Hope and despair from Poznan

Could Europe have come up with a coordinated plan to cut EU carbon dioxide emissions significantly? Yes it could! Did it do so? No. Our leaders keep on with endless talking and commissioning of more reports. They lack the nous and courage to act.

Energy conservation measures are a no-brainer: they create jobs for the growing queues of unemployed, they save money, they help to rectify recessionary tendencies, they save energy and they help to save our grandchildren from shivering in the dark.

Conservation works at the low tech end of the system. At the high tech end, a High Voltage Direct Current pan-European network, linking all renewables from offshore wind in the North of Scotland to Concentrated Solar Power in North Africa can get European manufacturing a necessary boost.

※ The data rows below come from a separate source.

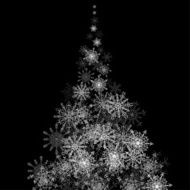 Christmas tree made of snowflakes blizzard in the darkness
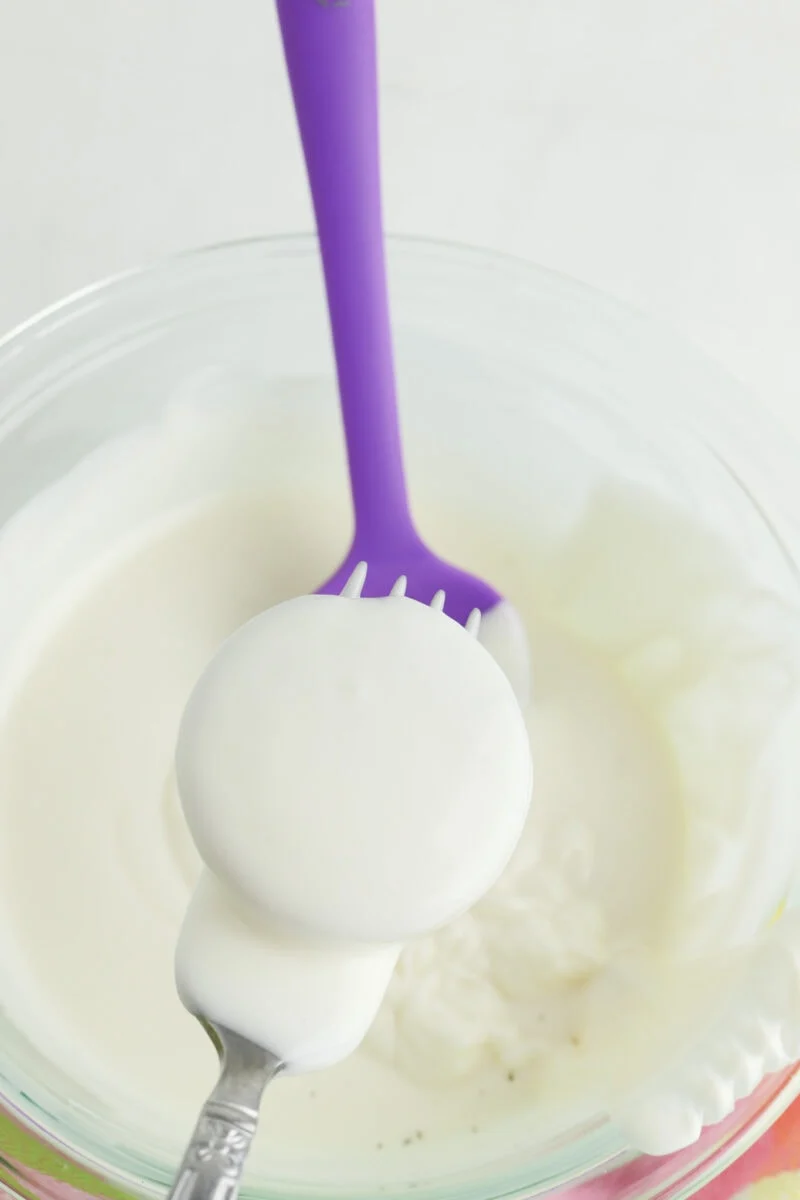 A fork with a purple handle is dipped in a bowl of thick, white liquid, possibly yogurt or cream. A dollop of the liquid is visible on the ends of the fork.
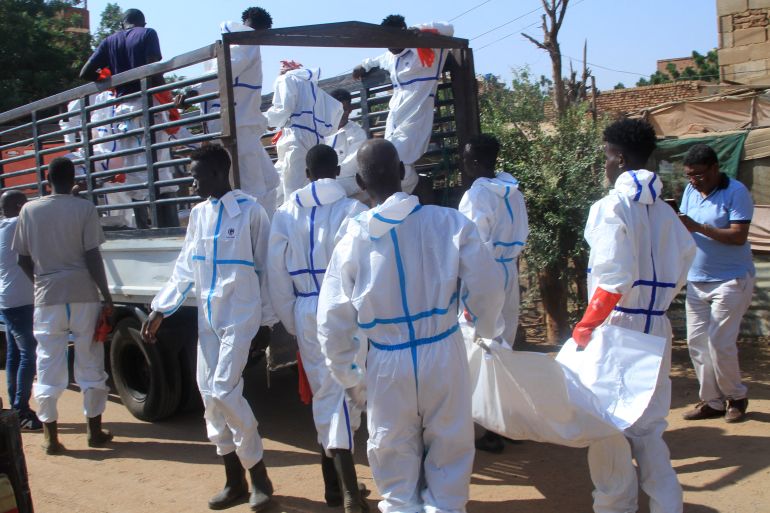 Employees working for the authorities load a body bag into the back of a lorry as bodies are dug up from an emergency burial site inside a school, to be buried in public cemeteries, in the capital Khartoum on December 8, 2025. (Photo by Ebrahim Hamid / AFP)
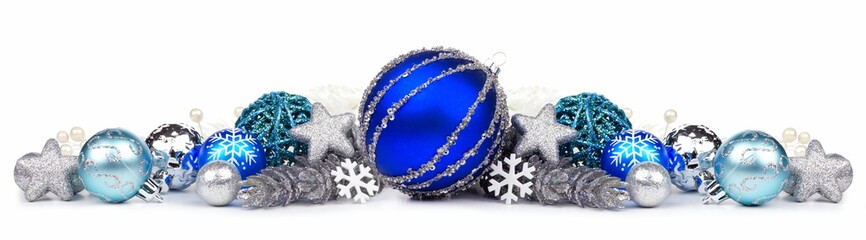 Christmas border of blue and silver ornaments on a white background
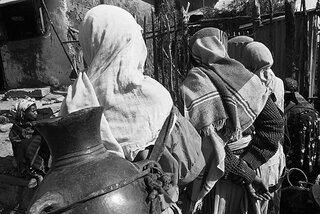 Women at communal water point. Kemise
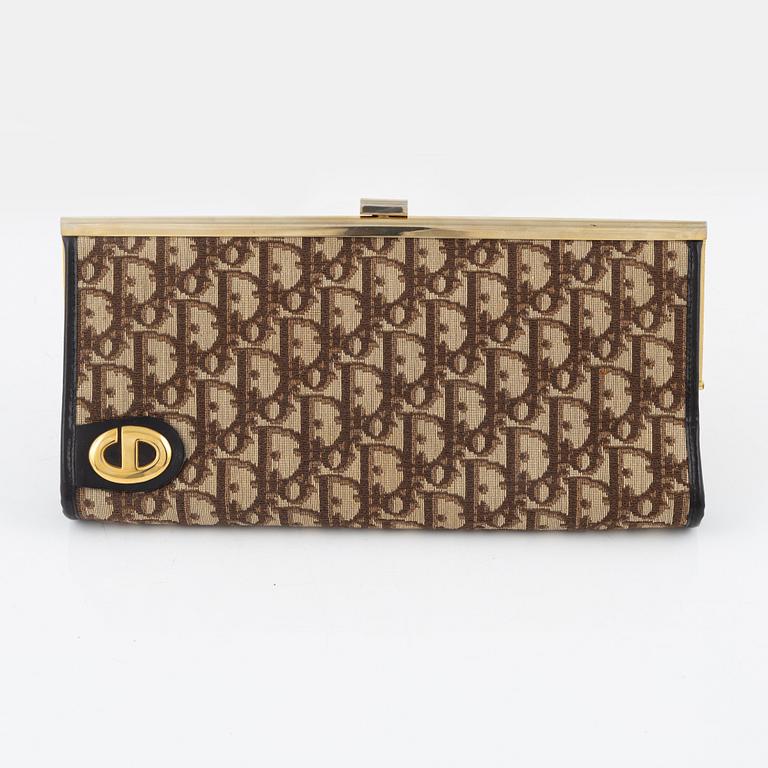 Christian Dior, a canvas clutch.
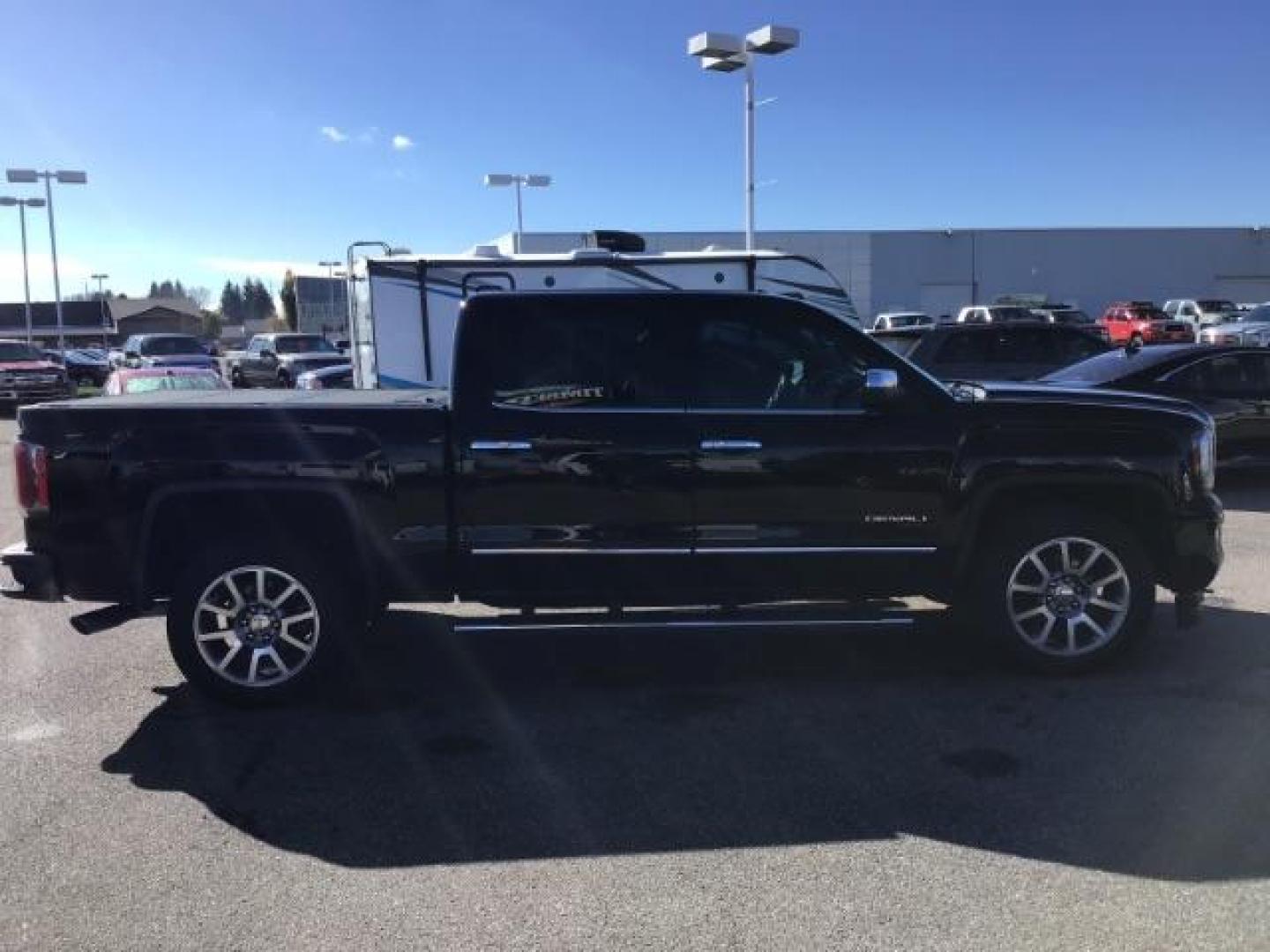 2018 Onyx Black /Cocoa/Dark Sand, leather GMC Sierra 1500 Denali Crew Cab Short Box 4WD (3GTU2PEJ0JG) with an 6.2L V8 OHV 16V engine, 6-Speed Automatic transmission, located at 1235 N Woodruff Ave., Idaho Falls, 83401, (208) 523-1053, 43.507172, -112.000488 - This 2018 GMC 1500 Denali has the 6.2L motor. It has 84,620. This is a really nice truck, that is loaded up with options. At Timberline Auto it is always easy to find a great deal on your next vehicle! Our experienced sales staff can help find the right vehicle that will fit your needs. Our knowledg - Photo#5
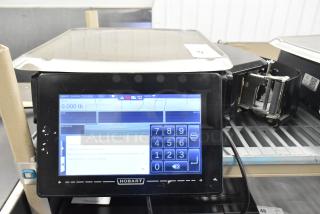 2017 Hobart HTi-7LH26 metal countertop food scale. Touchscreen display, good condition, 120/208-240V, 1 phase. Tested and working.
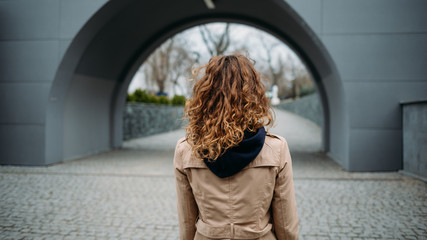 Rear view young woman with curly hair dressed in beige coat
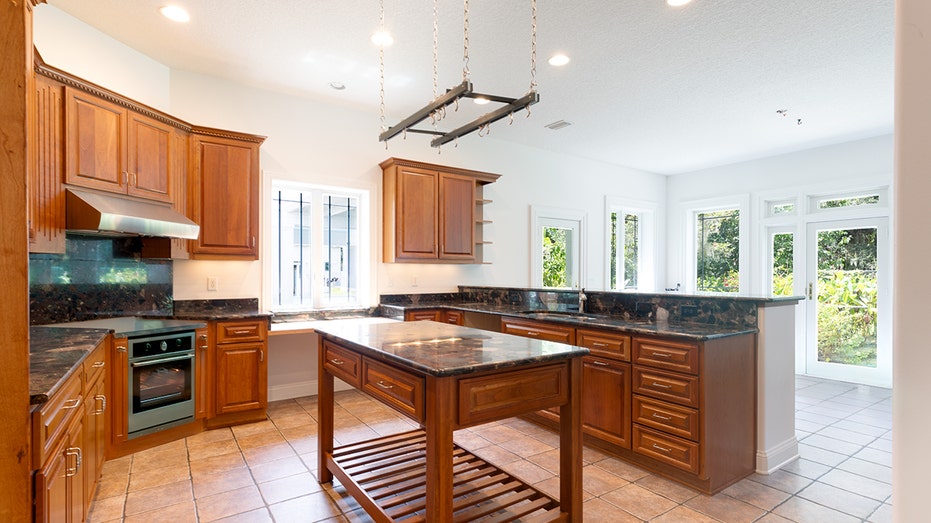 The kitchen features a center island, a unique light fixture and a door leading to the backyard.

There is an unacceptable lag between scientific realities and political response. We have seen this with climate science, although the politicians are now convinced of the case for Anthropogenic Global Warming (AGW), despite the protestations of the denialist lobby.
Now we have a lag between the technologists who know what needs to be done, and the politicians who are fiddling and faffing and farting about.

If they can find billions to shore up the banks after their insane lending spree, they most certainly find the billions necessary to create real, good work directly in the real economy, in the most vital fundamental part of the economy, in sustainable energy provision. We know what needs to be done. We know how to do it. What we lack is the political leadership, wisdom and courage to do it.

It is difficult to maintain hope. Yet we must stay hopeful, because pessimism leads to inactivity, or worse, to anger.